● Prompt:
Pictures stay out of the copy. Repeat exactly the lines from the first entry below through the line that contains "In the shell", and nothing beyond.

● Dataset content:
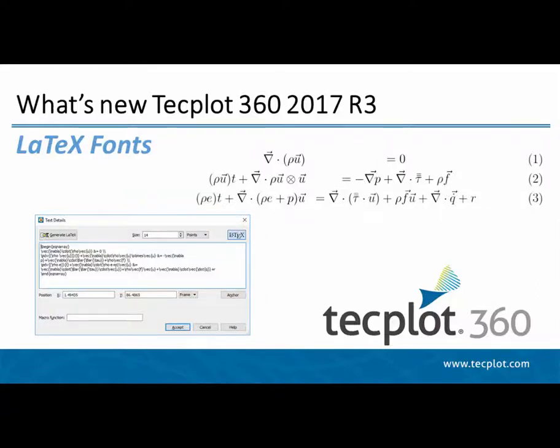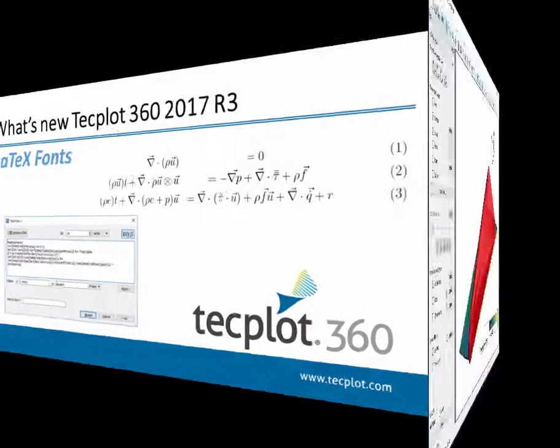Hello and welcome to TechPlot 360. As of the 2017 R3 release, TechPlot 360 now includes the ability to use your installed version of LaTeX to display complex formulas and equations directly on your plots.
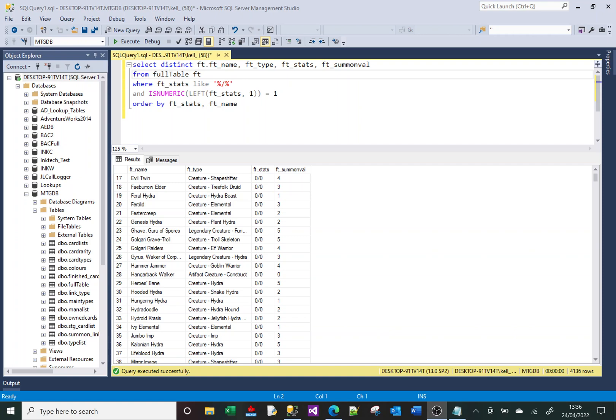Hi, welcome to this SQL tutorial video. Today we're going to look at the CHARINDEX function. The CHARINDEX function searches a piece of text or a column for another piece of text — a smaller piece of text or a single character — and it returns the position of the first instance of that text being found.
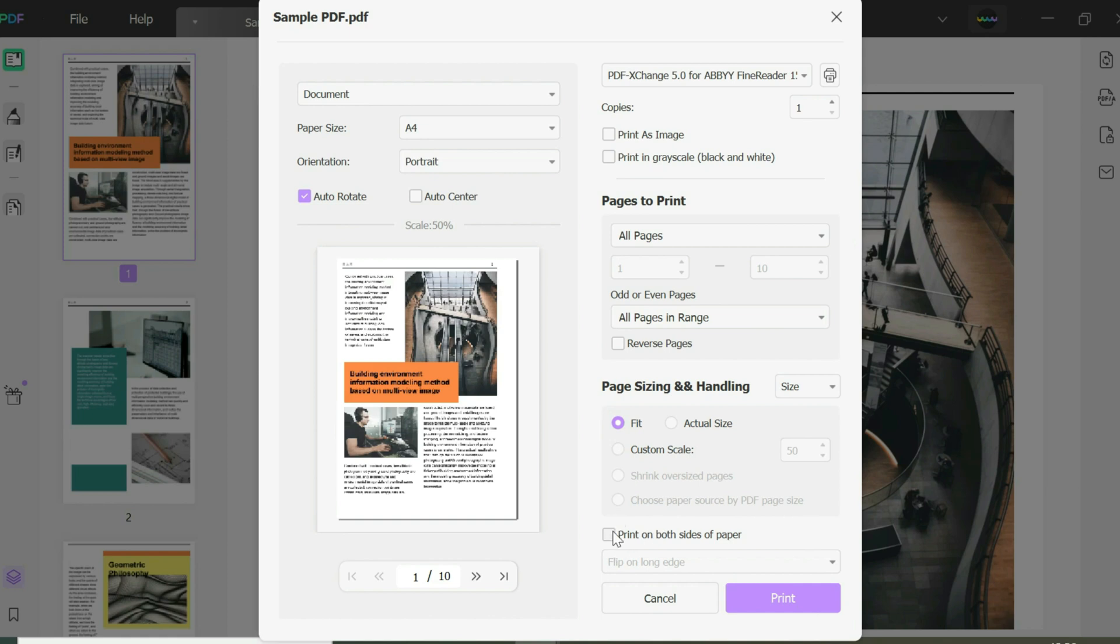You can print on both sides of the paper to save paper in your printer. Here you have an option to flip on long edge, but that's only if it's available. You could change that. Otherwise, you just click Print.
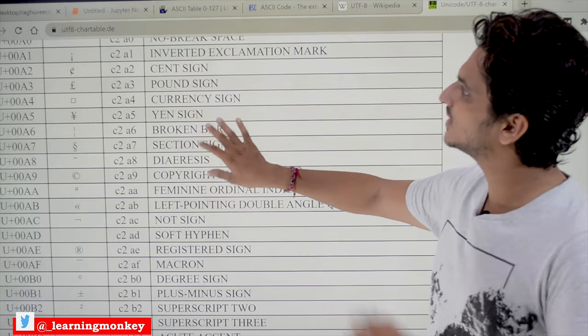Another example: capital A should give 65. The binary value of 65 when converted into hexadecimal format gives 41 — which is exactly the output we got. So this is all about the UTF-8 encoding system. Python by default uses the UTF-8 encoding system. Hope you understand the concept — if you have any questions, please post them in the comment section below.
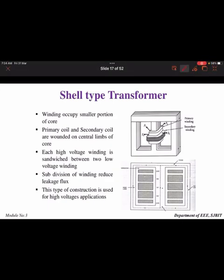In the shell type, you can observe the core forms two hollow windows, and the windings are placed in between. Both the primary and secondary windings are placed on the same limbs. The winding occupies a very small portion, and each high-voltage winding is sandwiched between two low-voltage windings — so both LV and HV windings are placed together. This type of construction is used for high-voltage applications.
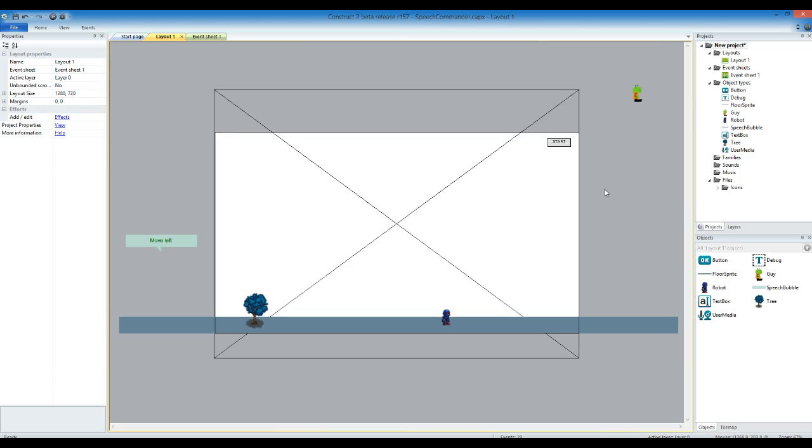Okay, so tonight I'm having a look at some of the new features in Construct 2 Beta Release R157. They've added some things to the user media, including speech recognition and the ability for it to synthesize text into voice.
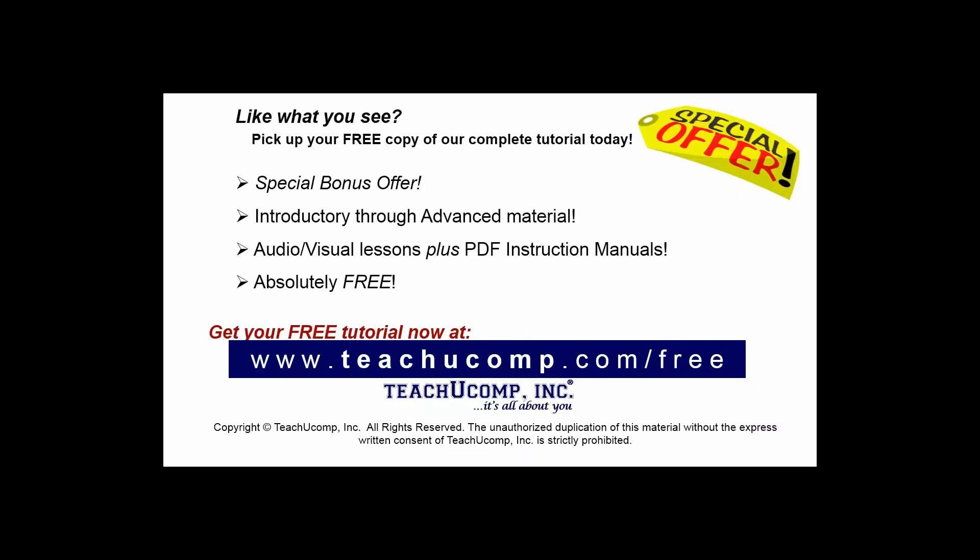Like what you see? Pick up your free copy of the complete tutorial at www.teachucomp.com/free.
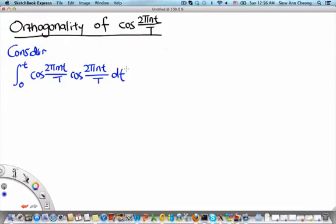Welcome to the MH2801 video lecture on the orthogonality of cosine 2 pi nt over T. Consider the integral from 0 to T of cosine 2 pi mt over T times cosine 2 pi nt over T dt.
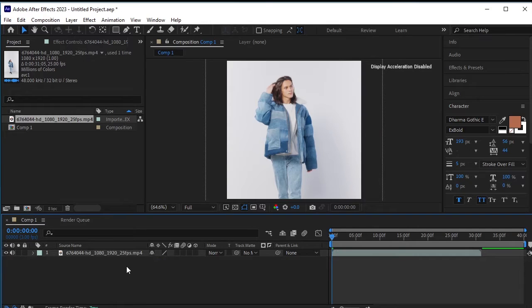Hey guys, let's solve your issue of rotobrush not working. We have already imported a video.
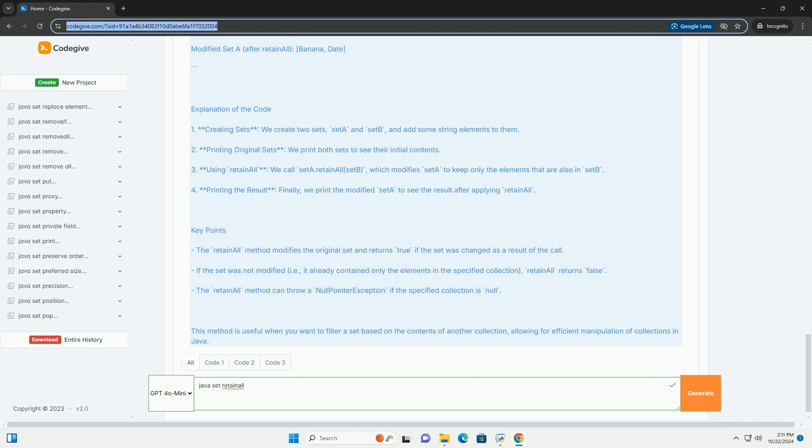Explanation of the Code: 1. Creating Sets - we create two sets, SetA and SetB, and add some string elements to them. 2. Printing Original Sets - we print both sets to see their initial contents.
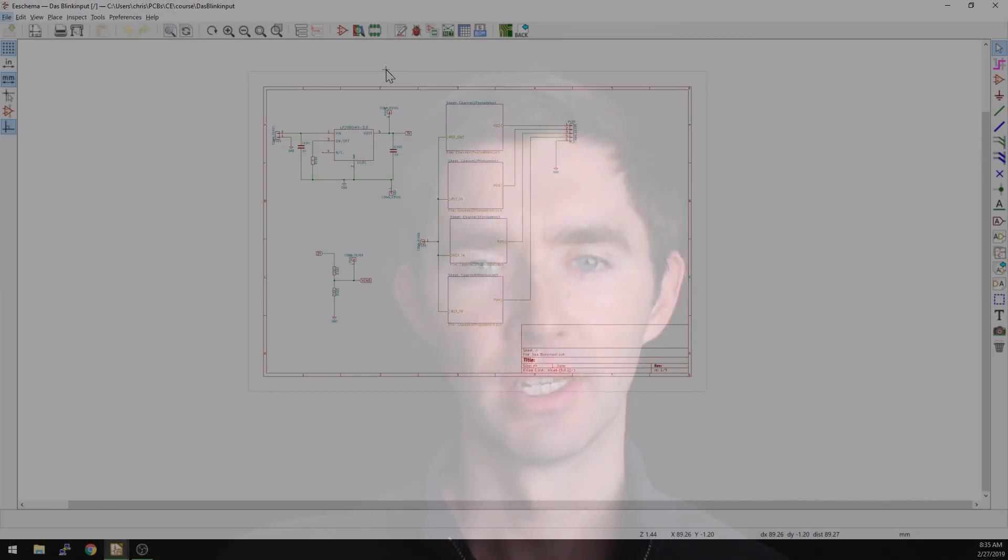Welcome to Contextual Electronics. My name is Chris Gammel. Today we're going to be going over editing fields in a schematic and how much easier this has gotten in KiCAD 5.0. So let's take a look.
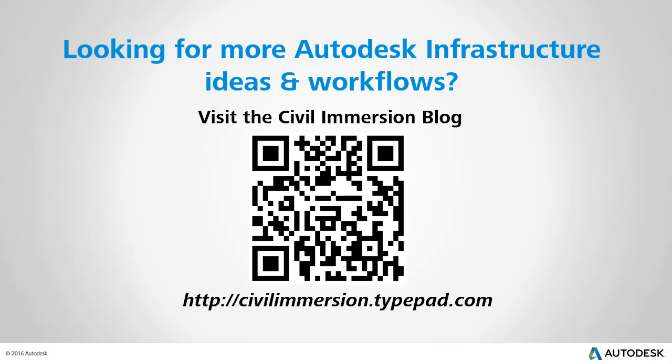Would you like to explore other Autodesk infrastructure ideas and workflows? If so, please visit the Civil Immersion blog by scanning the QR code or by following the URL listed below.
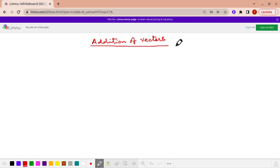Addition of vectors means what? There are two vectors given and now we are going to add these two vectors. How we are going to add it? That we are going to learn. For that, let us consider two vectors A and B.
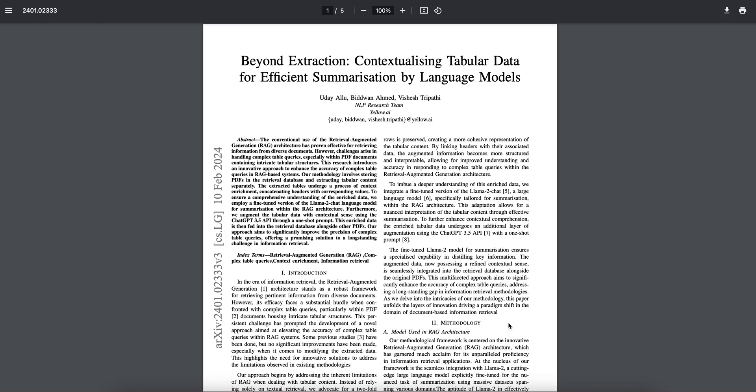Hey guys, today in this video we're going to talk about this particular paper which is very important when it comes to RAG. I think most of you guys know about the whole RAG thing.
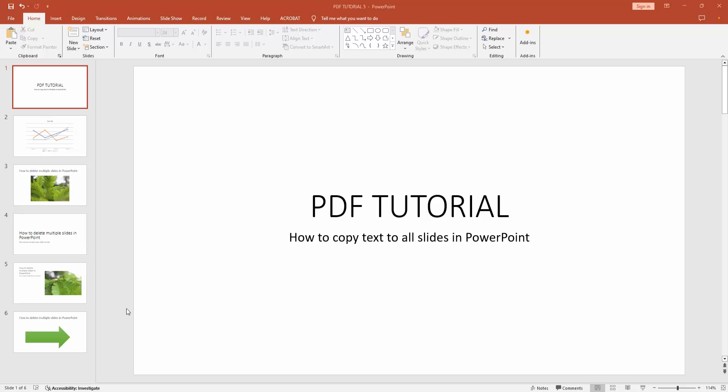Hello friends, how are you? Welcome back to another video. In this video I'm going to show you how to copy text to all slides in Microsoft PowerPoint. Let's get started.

● Solution for this task:
Hello and welcome to TechPlot 360. As of the 2017 R3 release, TechPlot 360 now includes the ability to use your installed version of LaTeX to display complex formulas and equations directly on your plots.
Hi, welcome to this SQL tutorial video. Today we're going to look at the CHARINDEX function. The CHARINDEX function searches a piece of text or a column for another piece of text — a smaller piece of text or a single character — and it returns the position of the first instance of that text being found.
You can print on both sides of the paper to save paper in your printer. Here you have an option to flip on long edge, but that's only if it's available. You could change that. Otherwise, you just click Print.
Another example: capital A should give 65. The binary value of 65 when converted into hexadecimal format gives 41 — which is exactly the output we got. So this is all about the UTF-8 encoding system. Python by default uses the UTF-8 encoding system. Hope you understand the concept — if you have any questions, please post them in the comment section below.
In the shell type, you can observe the core forms two hollow windows, and the windings are placed in between. Both the primary and secondary windings are placed on the same limbs. The winding occupies a very small portion, and each high-voltage winding is sandwiched between two low-voltage windings — so both LV and HV windings are placed together. This type of construction is used for high-voltage applications.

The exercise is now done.